È una questione improcrastinabile se davvero teniamo al rispetto del principio primario per cui è nato il servizio sanitario nazionale con la legge 833 del 1978.
«Il servizio sanitario nazionale nell'ambito delle sue competenze persegue: a) il superamento degli squilibri territoriali nelle condizioni socio-sanitarie del Paese». È quanto prevede precisamente la legge degli anni Settanta in materia. D’altronde si potrebbe come tale normativa sia non altro che ispirata a quel famoso art. 3 della Costituzione che enuncia proprio l’uguaglianza e la parità di trattamento.
La realtà dei fatti, purtroppo, descrive altro. La struttura repubblicana è stata ripensata nel 2001 seppure non cambiando volto: la politica affidò alle regioni il cosiddetto potere concorrente di legislazione in materia sanitaria.
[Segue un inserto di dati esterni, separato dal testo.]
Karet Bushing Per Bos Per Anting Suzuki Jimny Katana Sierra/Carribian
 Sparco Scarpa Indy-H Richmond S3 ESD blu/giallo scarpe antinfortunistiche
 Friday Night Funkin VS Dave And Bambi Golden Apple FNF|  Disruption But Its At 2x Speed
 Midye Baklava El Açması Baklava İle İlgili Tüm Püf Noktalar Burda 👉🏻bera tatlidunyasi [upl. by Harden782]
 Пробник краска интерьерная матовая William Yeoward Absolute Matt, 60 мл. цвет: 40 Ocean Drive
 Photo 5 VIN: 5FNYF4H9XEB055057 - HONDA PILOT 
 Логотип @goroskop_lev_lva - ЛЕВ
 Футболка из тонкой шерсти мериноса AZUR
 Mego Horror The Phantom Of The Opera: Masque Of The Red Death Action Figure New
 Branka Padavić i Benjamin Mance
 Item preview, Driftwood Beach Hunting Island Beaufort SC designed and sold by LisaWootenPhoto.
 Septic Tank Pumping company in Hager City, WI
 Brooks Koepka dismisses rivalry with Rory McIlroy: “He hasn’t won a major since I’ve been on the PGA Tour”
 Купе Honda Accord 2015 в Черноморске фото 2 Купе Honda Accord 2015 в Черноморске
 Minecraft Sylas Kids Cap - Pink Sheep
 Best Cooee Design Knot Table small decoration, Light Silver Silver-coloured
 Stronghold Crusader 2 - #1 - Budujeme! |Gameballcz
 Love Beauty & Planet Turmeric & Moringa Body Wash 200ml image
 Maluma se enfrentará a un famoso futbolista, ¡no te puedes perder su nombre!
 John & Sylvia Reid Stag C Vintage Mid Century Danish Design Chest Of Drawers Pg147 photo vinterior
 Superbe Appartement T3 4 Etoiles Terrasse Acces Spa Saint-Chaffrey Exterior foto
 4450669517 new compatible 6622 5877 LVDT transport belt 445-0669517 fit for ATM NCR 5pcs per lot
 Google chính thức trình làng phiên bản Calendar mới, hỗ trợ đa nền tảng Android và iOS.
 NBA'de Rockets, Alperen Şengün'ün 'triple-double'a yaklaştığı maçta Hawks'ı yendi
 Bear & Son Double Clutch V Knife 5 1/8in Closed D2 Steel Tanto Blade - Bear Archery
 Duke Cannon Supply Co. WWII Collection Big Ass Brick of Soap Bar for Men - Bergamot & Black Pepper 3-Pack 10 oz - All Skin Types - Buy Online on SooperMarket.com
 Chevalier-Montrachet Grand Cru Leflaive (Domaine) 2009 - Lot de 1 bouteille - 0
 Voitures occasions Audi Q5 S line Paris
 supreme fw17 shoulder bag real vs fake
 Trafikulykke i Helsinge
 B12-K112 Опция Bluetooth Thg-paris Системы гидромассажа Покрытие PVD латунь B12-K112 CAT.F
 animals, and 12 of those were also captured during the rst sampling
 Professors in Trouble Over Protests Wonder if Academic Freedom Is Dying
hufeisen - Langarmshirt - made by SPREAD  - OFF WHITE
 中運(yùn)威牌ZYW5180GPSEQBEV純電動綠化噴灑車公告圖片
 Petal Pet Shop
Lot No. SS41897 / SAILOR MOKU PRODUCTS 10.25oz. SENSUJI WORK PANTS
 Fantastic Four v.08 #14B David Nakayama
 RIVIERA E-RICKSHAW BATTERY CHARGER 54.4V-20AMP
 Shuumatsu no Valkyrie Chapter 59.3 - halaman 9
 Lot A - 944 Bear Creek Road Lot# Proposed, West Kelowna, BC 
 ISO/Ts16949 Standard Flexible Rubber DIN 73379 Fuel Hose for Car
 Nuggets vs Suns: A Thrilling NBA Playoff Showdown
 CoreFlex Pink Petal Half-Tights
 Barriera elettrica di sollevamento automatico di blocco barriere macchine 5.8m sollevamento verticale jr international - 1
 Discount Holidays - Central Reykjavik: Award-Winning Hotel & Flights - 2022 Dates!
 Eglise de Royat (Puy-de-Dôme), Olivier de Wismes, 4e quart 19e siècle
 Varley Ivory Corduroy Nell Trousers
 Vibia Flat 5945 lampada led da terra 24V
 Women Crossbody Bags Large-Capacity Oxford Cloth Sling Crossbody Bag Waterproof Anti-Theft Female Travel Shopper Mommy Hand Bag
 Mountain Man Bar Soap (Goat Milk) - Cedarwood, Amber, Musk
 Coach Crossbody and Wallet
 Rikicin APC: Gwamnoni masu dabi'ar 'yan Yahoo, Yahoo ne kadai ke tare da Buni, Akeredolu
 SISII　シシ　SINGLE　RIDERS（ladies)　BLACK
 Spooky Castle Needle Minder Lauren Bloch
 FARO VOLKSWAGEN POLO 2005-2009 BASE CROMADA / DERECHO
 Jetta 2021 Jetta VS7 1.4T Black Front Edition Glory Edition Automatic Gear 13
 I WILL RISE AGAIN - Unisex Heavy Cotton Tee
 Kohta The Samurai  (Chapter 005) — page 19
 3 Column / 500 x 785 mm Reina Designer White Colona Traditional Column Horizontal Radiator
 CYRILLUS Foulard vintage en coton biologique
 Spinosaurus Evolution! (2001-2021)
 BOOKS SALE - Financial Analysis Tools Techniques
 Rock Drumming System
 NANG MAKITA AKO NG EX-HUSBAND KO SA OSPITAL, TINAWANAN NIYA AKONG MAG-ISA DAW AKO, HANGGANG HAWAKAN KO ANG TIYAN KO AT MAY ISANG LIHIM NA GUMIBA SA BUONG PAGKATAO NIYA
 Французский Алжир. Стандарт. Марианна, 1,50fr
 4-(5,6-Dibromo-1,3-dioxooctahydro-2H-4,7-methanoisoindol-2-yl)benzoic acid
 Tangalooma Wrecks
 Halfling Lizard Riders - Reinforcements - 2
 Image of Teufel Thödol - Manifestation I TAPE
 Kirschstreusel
Ma nessuno può negare (né politici, né giuristi, ecc.) come il potere centrale dello Stato sia davvero residuale se non quasi ininfluente riguardo alle garanzie qualitative sanitarie (lasciando da parte quelle quantitative per questa volta).
La prova provata è nei dati, nelle statistiche e nei viaggi della speranza che non cessano di arrestarsi ed anzi, a quanto appena detto, va aggiunto un elemento crescente in più: sempre più gente rinuncia a curarsi (circa il 33% degli italiani nel 2023 secondo Eurispes).
Non bisogna arretrare rispetto ad una presa di coscienza collettiva: le cose, così come stanno, non vanno bene.
E non vanno bene non solo sul piano sociale, ma prima di tutto giuridico-politico. Quest’ultimo aspetto è determinante perché il diritto è partorito dalla politica e scandisce le logiche sociali.
Se, quindi, il complesso di norme deriva da una scelta politica, è vero anche che la scelta politica del 2001 ha favorito l’acuirsi di venti sistemi sanitari differenziati che vivono sempre più di aspetti competitivi: da qui i viaggi della speranza e non solo perché c’è anche la qualità di vita da considerare a livello geografico.
Non è un caso che le differenze nette e maggiori tra regioni sono cresciute con l’avvento dell’iper autonomia sempre effetto della riforma del Titolo V di vent’anni fa orsono.
Abbiamo un dovere come Paese: o si cambia (e si fa l’Italia unita ed omogeneamente servita a livello sanitario qualitativo) o la disgregazione funzionale del sevizio sanitario nazionale sarà cosa certa.
Infatti non si tratterà di smantellamento, ma appositamente di disgregazione ovverosia quella dimensione latente che già da molti anni ci sta conducendo a ridurre la speranza di attendersi una dignitosa livellatura sanitaria al Sud.
Perdipiù poi, è proprio la scomparsa del Mezzogiorno dalla Costituzione italiana l’altro problema giuridico-politico. Infatti, chi pensava che facendo sparire il termine dal Titolo V avrebbe permesso uno scatto di reni delle regioni meridionali per competere in un’ottica perequativa si sbagliava di grosso. È risultato proprio il contrario perché le regioni del Nord rivendicano maggiore autonomia e trattenimento delle risorse di gettito erariale che maturano per effetto del pil e reddito pro-capite nel settentrione.
Cosa rimarrà se non si agisce in controtendenza? Che tra un po’, invece dell’autonomia, qualcuno potrà dichiarare l’indipendenza da Roma.
Ne va della salute, anche di quella Repubblicana.